Exceptions: When not to use Definite Articles:

1) When using the vocative case, such as in greetings:
Olá Ana! Hi Ana!
2) When naming planets or stars
3) When doing enumerations (listing multiple items):
Preciso de comprar: leite, cereais, peixe I need to buy: milk, cereals, fish

Masculine & Feminine

In Portuguese, almost every noun (person, place, or thing) is either masculine or feminine. If you haven’t studied a Romance language before, this may seem strange at first. After all, in English we usually only assign gender to people or living things, right?
Here are two examples of what we mean by grammatical gender:
A ponte é estreita. The bridge is narrow.
O gato é preto. The cat is black.
In this case, ‘the bridge’ is feminine (‘a ponte’), while the cat is masculine (‘o gato’). Sound strange? Well, believe it or not, Old English used to use grammatical gender in a similar way, but it fell out of use over time!
Gendered words remain a fact of life for Portuguese speakers. But as a learner, how are you supposed to know whether a word is masculine or feminine, other than simply memorizing them all?
To get started, here is the most basic rule:

  • Most words that end in “a“, are feminine. Example: a mesa.
  • Most words ending in “o” are masculine. Example: o carro.

However, you’ll soon find out that there are words that break this rule, and many that end in a letter other than “a” or “o”.

Comments:

  • Good explanation. I like hearing the examples. It may be a little helpful for the beginning student to heave longer examples done a bit more slowly as well as in normal cadence in order to learn the proper pronunciation of each of the words in the phrase or sentence. Thanks so much! 🙂

  • Thanks for having Rui speak the Portuguese. He is easy to understand and makes for consistency in the hearing and learning.

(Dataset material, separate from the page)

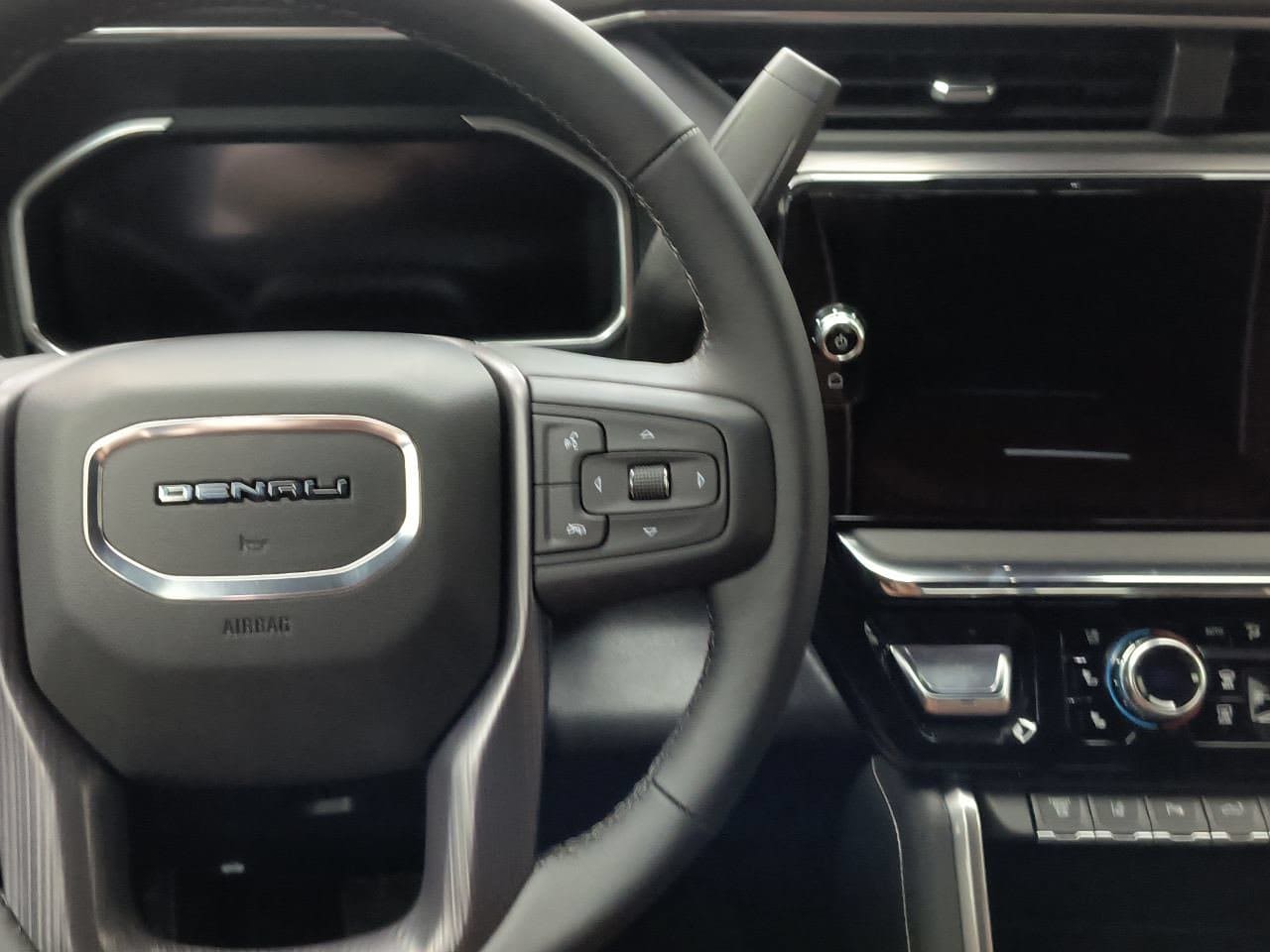 2026 GMC Sierra 2500HD Denali Ultimate - Photo 19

  • Great start for me so far. My only feedback is to use more realistic sentences in the examples. For example, I can’t imagine talking about hawks anytime soon. Maybe something more commonplace could be used?

    • Haha, I agree that talking about actual hawks/hawk-like birds probably doesn’t happen often! What you might not know is that Portugal has some beautiful islands called Açores (or Azores, in English), named after that bird 🙂 That is why that particular example of use of definite articles is under point 2), “2) Before the name of a city/region, when its name derives from a common noun”.

  • I seems to me that the vowel sound of the feminine singular in “a mesa” is different than the vowel sound of the feminine singular in “A ponte é estreita.” Does the sound of the feminine article vary slightly between nouns?

    • Hey, Christopher. Actually, the vowel sound in the definite articles ‘a’ and ‘as’ is always the same 🙂

  • Thanks Joseph for confirming that. I listened again and this time they did sound the same to me. However, I now notice a difference in the audio examples between “os” when used with os carros (I hear ossh carros) and Os Açores (I hear Oss Açores, no SH). Am a crazy?

  • I like the way this is going!
    I have a mental block with leading Portuguese since i did not like the sound of it!
    But this is not too bad!

  • An engaging lesson. It is good to read the background to the conventions of the language as well as to practise the language itself.

  • Having this as a basic is very good. After learning some vocabulary elsewhere, and trying to string some phrases and short sentences or questions together, I now realise that the basics around the definite article have been missing and would have been really helpful. D’oh!